Discussion in 'Psychology' started by rajesheck, Feb 10, 2017.

  1. Good question :)

    Until we achieve what we desired for, transformation must be a continuous thing.

    Transformation is the process of dying and taking new birth.

    Transformation is not a destination. It is a way of life.
     
    #31     Feb 11, 2017
  2. If we see the eod chart we can find that occationally there will be day openings which is either considerably greater or lesser than previous day's close due to some previous day's news or some unknown events. We generally call it as overnight gaps because it is conceived overnight and manifested next day morning as gap in the open price.
     
    Last edited: Feb 11, 2017
    #32     Feb 11, 2017
  3. Overnight

    Overnight

    But how can orders be placed in a market that is "closed", when no trading is possible?
     
    #33     Feb 11, 2017
  4. I am talking about eod chart not order placing. :)
     
    #34     Feb 11, 2017
  5. Overnight

    Overnight

    Hmm. So why does the gap occur, since everyone has access to the same data? Could one not also place themselves in the same position as all these others who cause the gap to occur in the first place? Perhaps an example shown on a chart would help me understand the "overnight gap".
     
    #35     Feb 11, 2017
  6. Do you really expect to get a straight answer from a snake oil salesman?
     
    #36     Feb 11, 2017
  7. Overnight

    Overnight

    Who is a snake-oil salesman? rajesheck? I just asked a question about gap events.
     
    #37     Feb 11, 2017
  8. Technically speaking the reason is the pre market entries. Theoretically as i said it is the overnight development of speculation.

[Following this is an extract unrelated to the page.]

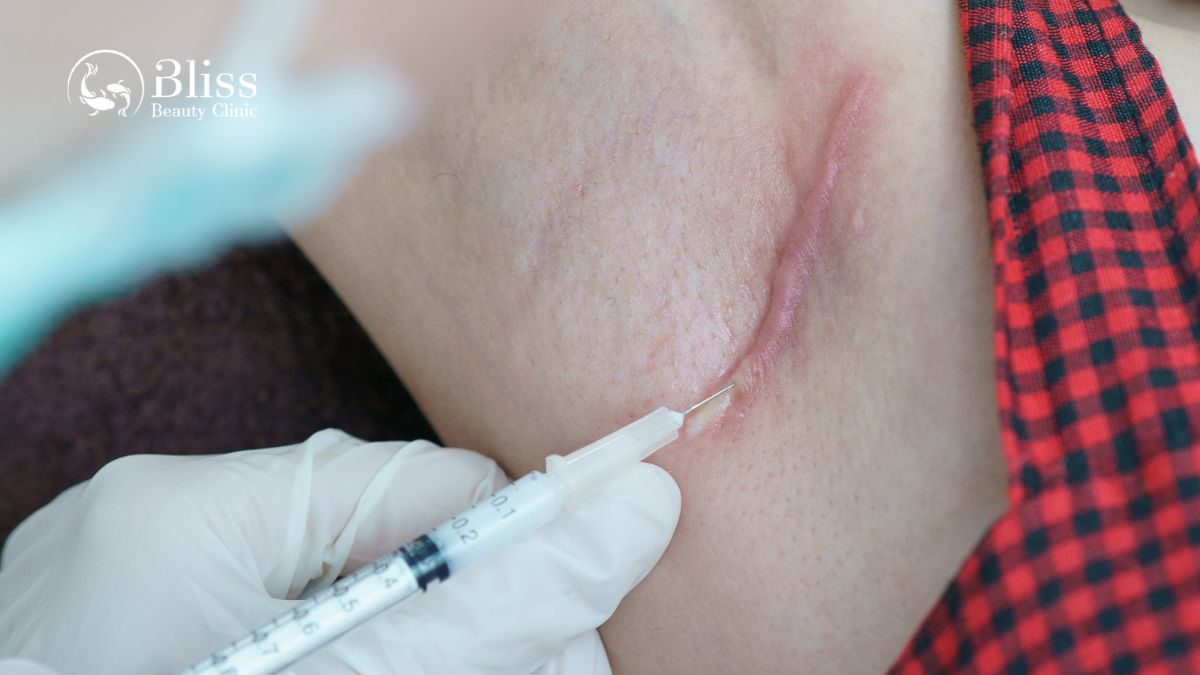 dieu-tri-seo-loi-hyper-scar-repair-3n1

    Can someone post a good eod chart to show the gap ups or gap downs?
     
    #38     Feb 12, 2017
  9. Simples

    Simples

    Gaps are discontinuities of price range between one bar and the next. They may occur on any timeframe, and depending on which timeframes you're looking at, for different reasons. On very short timeframes, gaps may be seen a sign of low liquidity/volume on higher volatility, so price tend to "jump" all over the place and some bars may be missing volume even. For exchanges that only trade during certain hours, gaps happen because even though no trades happened on the exchange, the markets and world continue to trade and evaluate. So on the opening, participants may have vastly different orders in than on the evening before. For markets/exchanges/brokers trading 24/7 and high liquidity, gaps are much less of an issue.

    Gaps happen because people may agree on vastly different prices within any period of time. Exchanges and brokers do implement rules to avoid the worst offenders though (circuit breakers, limitations on order prices, trade-halts, trade-rollbacks, etc.).

    Gaps play such a big role in many people's trading, they name them according to context: http://stockcharts.com/school/doku.php?id=chart_school:chart_analysis:gaps_and_gap_analysis

    The concept of gaps are really chart-specific though. As in if you list the orders individually, gaps cease to have any meaning. So they only have meaning in certain ways people usually aggregate price-data. It's a range where no trade happened, but resulted in volatility all the same.